Heredity and an active farm upbringing gave Alfred a powerful physique. In college, he played varsity football, alternating between center and guard. Frequently he was pivot man in the famous "flying wedge."

==Music==
Alfred sang first tenor in the Otterbein Quartet, the first of a series of such organizations in the history of the college. On one occasion the quartet sang at the church of W. W. Williamson, who had a son John. The latter was fascinated by the singing collegians and vowed to also someday go to Otterbein and sing in the quartet. In due time John Finley Williamson did both, and much more than that. He continued his musical interests after graduation, organizing a choir and a choir school: founding the Westminster Choir College in Dayton, Ohio, (presently in Princeton, New Jersey), which became world famous.

One year Alfred directed the Presbyterian Church choir in Marion, Ohio, traveling from Otterbein each weekend. The pastor was a Rev. Mr. Thomas, whose young son Norman became well acquainted with Alfred. Later Norman Thomas also became a Presbyterian minister, but is better known as the frequent candidate for President of the United States on the Socialist ticket.

==Y.M.C.A.==
The Young Men's Christian Association on the Otterbein campus made a rich contribution to Alfred Howard's life. S. D. Gordon was state secretary of college Y.M.C.A. work in Ohio at that time, and John R. Mott and Robert E. Speer, young men just out of Cornell and Princeton, respectively, were frequent speakers at Y.M.C.A. conferences.

In 1890 at one such conference John R. Mott made an address which engraved three unforgotten sentences on young Howard's mind:
Hide the Word of God in your Heart (Bible Study)
Tie yourself to one man (personal evangelism)
Keep your eyes fixed on the uttermost part of the earth (foreign missions).
One summer Alfred even attended the famous college Y.M.C.A. conference at Northfield, Massachusetts.

==Marriage==
Howard met May Day Stevenson at Otterbein. They conducted their courtship on the campus, but he proposed to her one summer by letter.

Alfred and May were married on their graduation day: 15 June 1894, in the home of Professor Henry Garst, who performed the ceremony in the presence of many college friends. Soon thereafter the happy couple were on the high seas sailing for the mission field in Africa. The couple had three children, John, Donald and Florence.

==Call to missionary service==
Alfred Taylor Howard was deeply religious. He believed profoundly in the efficacy of prayer. As a boy he had formed the habit of prayer, and as a college student prayed regularly. In later life, while taking long walks, he would pray for long lists of persons and causes, setting aside certain days of the week for various portions of his long prayer lists.

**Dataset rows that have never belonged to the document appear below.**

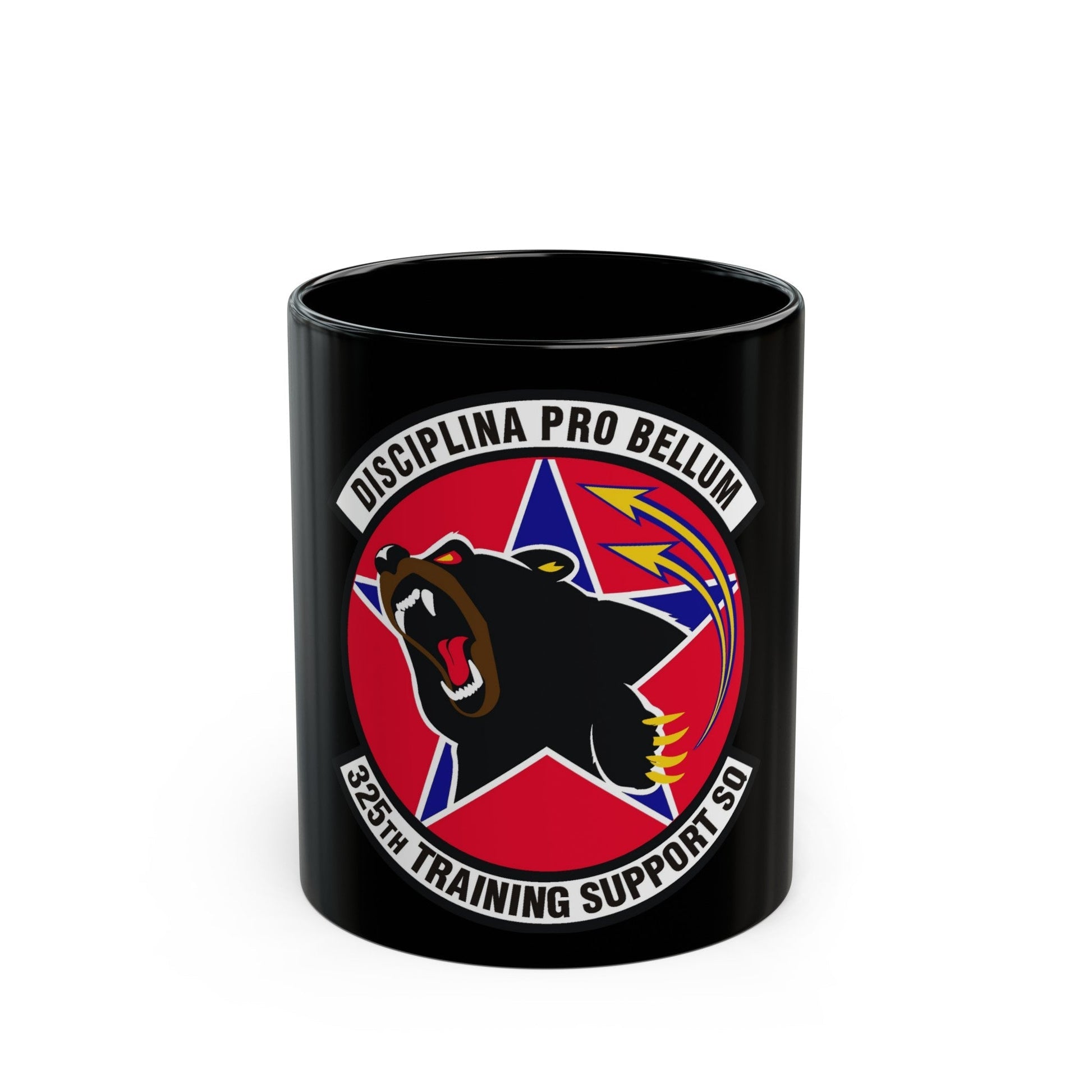 325th Training Support Squadron (U.S. Air Force) Black Coffee Mug-11oz-The Sticker Space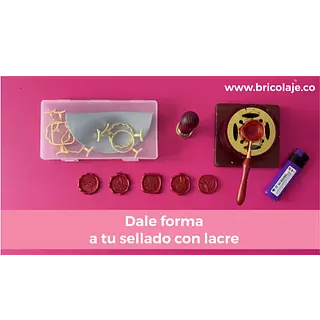 Dale forma a tu sellado en lacre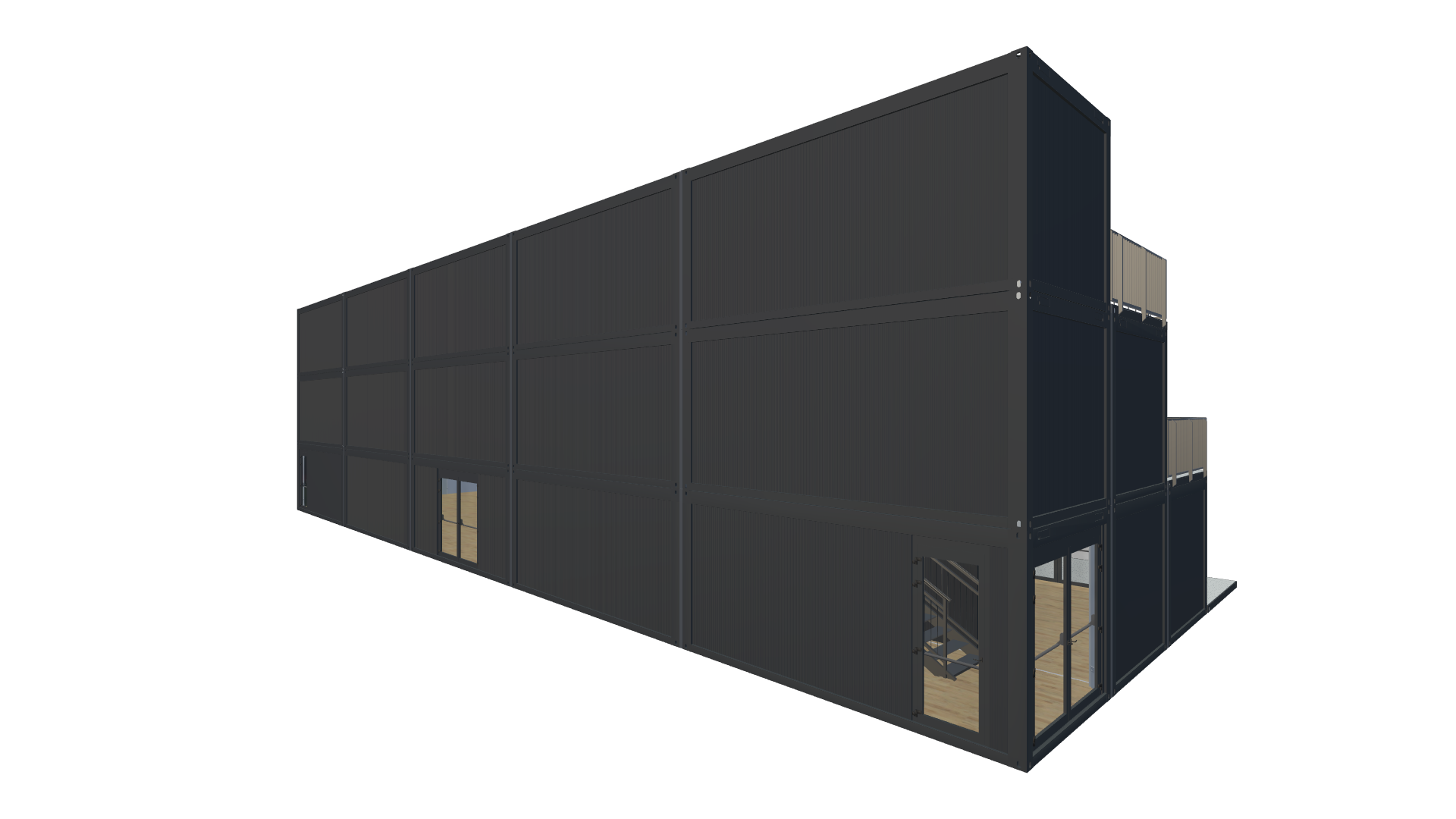 Eventcontainer Vario-Line | PREFAB 101 - Hinten Links Eventcontainer Vario-Line | PREFAB 101 - Screenshot - Hinten Links
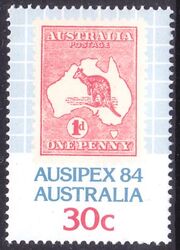 Australien 1984  Internationale Briefmarkenausstellung AUSIPEX `84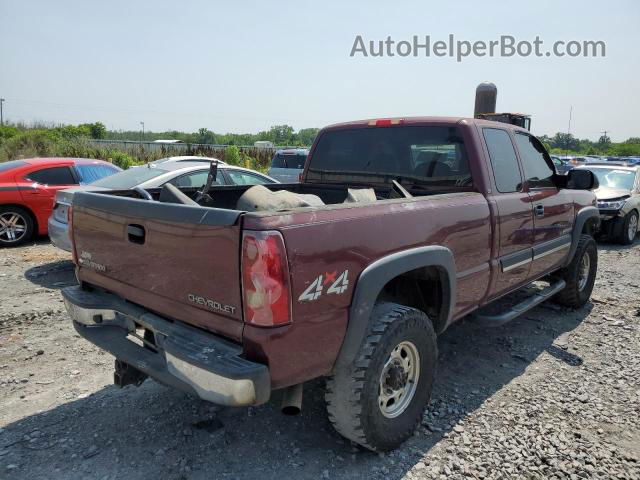 2003 Chevrolet Silverado K2500 Heavy Duty Burgundy vin: 1GCHK29U43E364105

Toward the end of his college days, Alfred wondered about what his lifework should be. So, he made this a matter for prayer. During the summer before his senior year, while working on his father's farm, he chose a certain empty stall in the barn as his "quiet place" for daily intercession. Later he wrote, "I do not know when in my life I ever prayed more earnestly for definite guidance."

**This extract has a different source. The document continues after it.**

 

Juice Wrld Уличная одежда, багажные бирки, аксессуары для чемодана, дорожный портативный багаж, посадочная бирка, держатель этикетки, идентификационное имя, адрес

In his handwritten memoirs, found after his death, he tells of the outcome of his prayer:

One day early in August, Dr. William M. Bell, an old friend of father's, was to speak at a county Sunday school convention in Kalamazoo. Doctor Bell had been elected general secretary of the Home, Frontier and Foreign Missionary Society of the United Brethren Church. My brother Roy and I drove to Kalamazoo to hear him. We saw him for just a few minutes before his address to the convention. He said he wished to see me after the meeting. Accordingly at the close of the program he came through the crowd toward me, and to my surprise, stated, "Howard, we want you to go to Africa."